Le risque d’une part pour le juge des libertés et de la détention de porter une appréciation des faits retenus à titre de charge par le procureur de la République d’autre part pour le prévenu, d’être amené à reconnaitre les faits lorsque le juge des libertés et de la détention l’invite à présenter ses observations portent atteinte, selon le Conseil constitutionnel, au droit de se taire et les dispositions doivent dès lors être déclarées contraires à la Constitution. Le fait même que le juge des libertés et de la détention invite le prévenu à présenter des observations peut être de nature à lui laisser croire qu’il ne dispose pas du droit de se taire.

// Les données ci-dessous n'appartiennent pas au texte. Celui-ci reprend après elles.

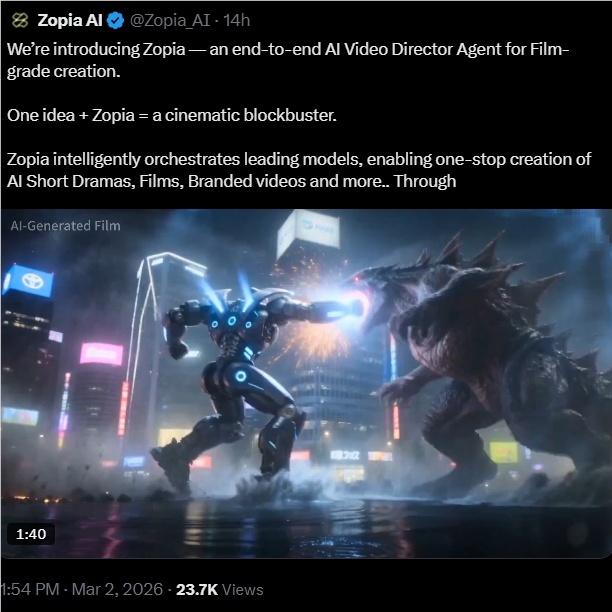 一句话也能拍爆款短剧！Zopia登场：多Agent协作一键产出电影级成片，24小时无人值守自动化制作-爱智特agent,一站式企业智能体推荐平台,扣子企业智能体,扣子工作流免费复制下载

Le droit de se taire est consacré par la Cour européenne des droits de l’homme sur le fondement de l’article 6 de la Convention. Ce droit signifiant que la personne entendue a le droit « de garder le silence et de ne pas contribuer à sa propre incrimination et s’applique au niveau européen à l’ensemble de la procédure pénale » (Rép. pén., v° Impact de la question prioritaire de constitutionnalité sur la matière pénale, par A. Cappello).
Ce droit a été consacré au niveau constitutionnel, à l’occasion de la décision du 30 juillet 2010 relative à la garde à vue (Cons. const. 30 juill. 2010, n° 2010-14/22 QPC, AJDA 2010. 1556; D. 2010. 1928 ; AJ pénal 2010. 470, étude J.-B. Perrier) mais celle-ci n’a pas eu de portée générale.
Il a fallu attendre, d’une part, le rétablissement du droit de se taire dans la procédure pénale par la loi n° 2011-392 du 14 avril 2011 relative à la garde à vue (JO 15 avr.) dont la portée est restreinte puisqu’elle ne concerne que la personne gardée à vue, et d’autre part, la loi n° 2014-535 du 27 mai 2014 portant transposition de la directive n° 2012/13/UE du Parlement européen et du Conseil du 22 mai 2012 relative au droit à l’information dans le cadre des procédures pénales (JO 28 mai) dont la portée est beaucoup plus large puisqu’elle concerne l’ensemble de la procédure pénale.
La Cour de cassation a, à diverses reprises, considéré que le défaut d’information initiale du droit de garder le silence fait nécessairement grief au mis en cause (Crim. 8 juill. 2015, n° 14-85.699, Dalloz actualité, 29 juill. 2015, obs. L. Priou-Alibert ; D. 2015. 1600; AJ pénal 2015. 555, obs. C. Porteron). Elle a néanmoins apporter une précision en matière d’instruction, du fait des nombreux actes successifs, en considérant qu’il ne résultait « d’aucun texte que le magistrat instructeur ait l’obligation de renouveler, à l’occasion de chaque mise en examen supplétive, l’avertissement du droit de se taire » (Crim. 24 avr. 2013, n° 12-80.750 ; Crim. 26 sept. 2012, n° 12-80.750, D. 2012. 2607).
La question restait néanmoins sérieuse aux faits de l’espèce puisqu’il s’agissait d’une présentation à un juge des libertés et de la détention, dans le cadre d’une procédure de comparution immédiate.
Désormais et jusqu’à l’entrée en vigueur d’une nouvelle loi, le juge des libertés et de la détention doit informer le prévenu qui comparait devant lui, de son droit de garder le silence.
On ne peut que se réjouir d’une telle décision en faveur des droits fondamentaux et des droits de la défense.